* Task requirements
Nothing but an exact copy of the listing should be given.

Source material: Begin

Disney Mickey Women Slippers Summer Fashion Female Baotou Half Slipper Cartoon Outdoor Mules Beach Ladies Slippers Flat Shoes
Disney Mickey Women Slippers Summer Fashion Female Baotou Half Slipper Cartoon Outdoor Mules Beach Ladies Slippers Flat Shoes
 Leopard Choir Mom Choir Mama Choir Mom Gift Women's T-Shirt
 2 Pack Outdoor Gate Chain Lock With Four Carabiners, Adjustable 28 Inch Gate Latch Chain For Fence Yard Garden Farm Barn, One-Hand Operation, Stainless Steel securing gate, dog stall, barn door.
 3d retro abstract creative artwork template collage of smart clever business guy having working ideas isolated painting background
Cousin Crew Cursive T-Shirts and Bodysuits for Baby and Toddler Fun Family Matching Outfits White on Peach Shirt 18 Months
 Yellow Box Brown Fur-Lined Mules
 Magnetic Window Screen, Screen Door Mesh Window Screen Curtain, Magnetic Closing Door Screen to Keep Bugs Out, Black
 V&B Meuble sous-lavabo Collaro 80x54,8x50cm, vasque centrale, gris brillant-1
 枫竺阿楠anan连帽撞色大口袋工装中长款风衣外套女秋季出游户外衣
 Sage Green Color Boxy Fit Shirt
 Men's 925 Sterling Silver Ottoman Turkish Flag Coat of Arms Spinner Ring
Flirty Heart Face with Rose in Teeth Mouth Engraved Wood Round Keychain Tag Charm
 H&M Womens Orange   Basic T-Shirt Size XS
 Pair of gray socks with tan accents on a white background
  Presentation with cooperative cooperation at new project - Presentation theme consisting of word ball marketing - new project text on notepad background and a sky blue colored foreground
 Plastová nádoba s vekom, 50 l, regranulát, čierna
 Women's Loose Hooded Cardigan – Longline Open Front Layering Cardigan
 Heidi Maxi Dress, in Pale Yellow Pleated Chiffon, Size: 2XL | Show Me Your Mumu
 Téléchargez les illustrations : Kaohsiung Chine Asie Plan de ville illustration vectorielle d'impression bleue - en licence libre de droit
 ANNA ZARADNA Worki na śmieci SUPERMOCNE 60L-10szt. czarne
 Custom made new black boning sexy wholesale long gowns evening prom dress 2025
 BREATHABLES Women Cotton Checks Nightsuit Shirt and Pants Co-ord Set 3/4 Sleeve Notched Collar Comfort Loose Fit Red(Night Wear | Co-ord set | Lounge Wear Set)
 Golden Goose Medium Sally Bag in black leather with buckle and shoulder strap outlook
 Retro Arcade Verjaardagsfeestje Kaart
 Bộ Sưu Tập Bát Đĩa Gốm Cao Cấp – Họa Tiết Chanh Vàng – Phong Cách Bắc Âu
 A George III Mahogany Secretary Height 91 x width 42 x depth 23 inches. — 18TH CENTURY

Source material: End

* Solution for this task
Disney Mickey Women Slippers Summer Fashion Female Baotou Half Slipper Cartoon Outdoor Mules Beach Ladies Slippers Flat Shoes
Disney Mickey Women Slippers Summer Fashion Female Baotou Half Slipper Cartoon Outdoor Mules Beach Ladies Slippers Flat Shoes
 Leopard Choir Mom Choir Mama Choir Mom Gift Women's T-Shirt
 2 Pack Outdoor Gate Chain Lock With Four Carabiners, Adjustable 28 Inch Gate Latch Chain For Fence Yard Garden Farm Barn, One-Hand Operation, Stainless Steel securing gate, dog stall, barn door.
 3d retro abstract creative artwork template collage of smart clever business guy having working ideas isolated painting background
Cousin Crew Cursive T-Shirts and Bodysuits for Baby and Toddler Fun Family Matching Outfits White on Peach Shirt 18 Months
 Yellow Box Brown Fur-Lined Mules
 Magnetic Window Screen, Screen Door Mesh Window Screen Curtain, Magnetic Closing Door Screen to Keep Bugs Out, Black
 V&B Meuble sous-lavabo Collaro 80x54,8x50cm, vasque centrale, gris brillant-1
 枫竺阿楠anan连帽撞色大口袋工装中长款风衣外套女秋季出游户外衣
 Sage Green Color Boxy Fit Shirt
 Men's 925 Sterling Silver Ottoman Turkish Flag Coat of Arms Spinner Ring
Flirty Heart Face with Rose in Teeth Mouth Engraved Wood Round Keychain Tag Charm
 H&M Womens Orange   Basic T-Shirt Size XS
 Pair of gray socks with tan accents on a white background
  Presentation with cooperative cooperation at new project - Presentation theme consisting of word ball marketing - new project text on notepad background and a sky blue colored foreground
 Plastová nádoba s vekom, 50 l, regranulát, čierna
 Women's Loose Hooded Cardigan – Longline Open Front Layering Cardigan
 Heidi Maxi Dress, in Pale Yellow Pleated Chiffon, Size: 2XL | Show Me Your Mumu
 Téléchargez les illustrations : Kaohsiung Chine Asie Plan de ville illustration vectorielle d'impression bleue - en licence libre de droit
 ANNA ZARADNA Worki na śmieci SUPERMOCNE 60L-10szt. czarne
 Custom made new black boning sexy wholesale long gowns evening prom dress 2025
 BREATHABLES Women Cotton Checks Nightsuit Shirt and Pants Co-ord Set 3/4 Sleeve Notched Collar Comfort Loose Fit Red(Night Wear | Co-ord set | Lounge Wear Set)
 Golden Goose Medium Sally Bag in black leather with buckle and shoulder strap outlook
 Retro Arcade Verjaardagsfeestje Kaart
 Bộ Sưu Tập Bát Đĩa Gốm Cao Cấp – Họa Tiết Chanh Vàng – Phong Cách Bắc Âu
 A George III Mahogany Secretary Height 91 x width 42 x depth 23 inches. — 18TH CENTURY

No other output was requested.